Working mothers are miserable. Women and Culture In Network calculated the misery index of working mothers based on data from a survey funded by Ministry of Gender Equality and Family. The misery index reached 3.33, 0.29 increase from the previous year’s reading of 3.04. This result shows how work-life balance policies are not helping working mothers. "Misery Index of Workingmoms" quantifies stress level on a scale of zero to five. A reading closer to 5 indicates higher levels of stress and 7 out of 10 respondents said that they are extremely stressed out.
The survey of 1000 working mothers was conducted in September. For the survey, the life of a working mother was divided into four areas: family, work, social, and personal. Working mothers were most stressed by social life (3.56), followed by personal (3.38), family (3.37) and work (3.00).
Generally, mothers in their 30s record higher in overall misery index as well as by each category compared to those in their 40s. Also, Seoul residents in their 30s with youngest child under the age of 5, who work long hours, were found to be experiencing extreme difficulties.
No time to relax after work
In terms of family life, working mothers were suffering the most due to ‘lack of proper rest time’ (3.92 points), which shows that mothers do not have sufficient time to rest due to house chores and childcare. ‘Lack of help in household chores’ (3.87), ‘lack of help in childcare’ (3.86), ‘lack of focus on childcare due to work’ (3.60) and ‘lack of focus on household chores due to work’ (3.55) were also high on the list. All nine sub-categories of the misery index increased compared to the previous year.
Hard to take time off from work
‘Lack of control over vacation period at work’ (3.40) was at the top of the working life misery index followed by ‘Negative perceptions such as working mothers can’t focus at work’ (3.23), ‘inflexible work schedule’ (3.20) and ‘unable to take time off from work’ (3.03). All nine sub-categories of working life misery index rose compare to last year. Among them, the index for ‘frequent get-together at work’ increased the most (by 0.50) followed by ‘discrimination against working mothers’, ‘unable to take time off from work’ and ‘inflexible work schedule.'
The results show that working mothers desperately want more control over their vacation period and work schedule for sick children and family events.
Loopholes in work-life balance policies
For social life, working mothers were mostly stressed due to ‘lack of policies for working women’ (4.09 points) followed by ‘work-life balance problems’ (4.03), ‘challenges to participation in community events’ (3.78), ‘lack of service for daily needs’ (3.75) and ‘lack of information for child-related matters’ (3.67). This reveals the loopholes in work-life balance policies.

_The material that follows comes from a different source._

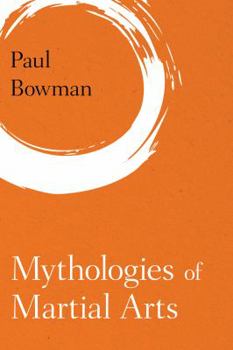 Paperback Mythologies of Martial Arts Book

Compare to last year’s misery index, this year’s numbers generally stayed the same. However, the misery index for other categories such as ‘lack of generalization of service for working mothers’ (-0.20), and ‘insufficient government subsidies to boost childbirth’ (-0.13) decreased a little. Among the social life sub-categories, the index of ‘social behavior of a child’ (0.25) saw the biggest increase compared to the previous year.
Physically worn out
‘Physically worn out’ (3.94) was at the top of personal life misery index followed by ‘Insufficient increase in household income (3.69), ‘Prioritization between child and career’ (3.63), ‘Lack of satisfaction in balancing work and family’ (3.27), and ‘Pressure related to child’s education’ (2.95). The index generally stayed the same from the previous year except for ‘Lack of satisfaction in balancing work and family’ (0.30) and ‘Pressure related to child’s education’ (0.26), which increased the most.
Employment security can increase birth rates
When it comes to boosting birth rate, working mothers chose ‘employment security’ as the most important factor followed by ‘reasonable cost for education and child rearing’, ‘securing maternity and parental leave,’ and ‘securing and expanding family-care leave’.
Respondents who chose ‘employment security’ were mostly Seoul residents, high school graduates, and part-time workers with average monthly income between 1 million and 1.99 million won. The respondents who chose ‘reasonable cost for education and child rearing’ were in their 30s, obtained at least a Master’s Degree, had more working days than average and full-time workers with average monthly income of more than 4 million won.
Based on results of Misery Index of Workingmoms, Women and Culture In Network will have ‘Working Mom Leadership Education Session’ from October 22 in 6 cities and provinces starting from Ansan-si and Dongdoocheon-si.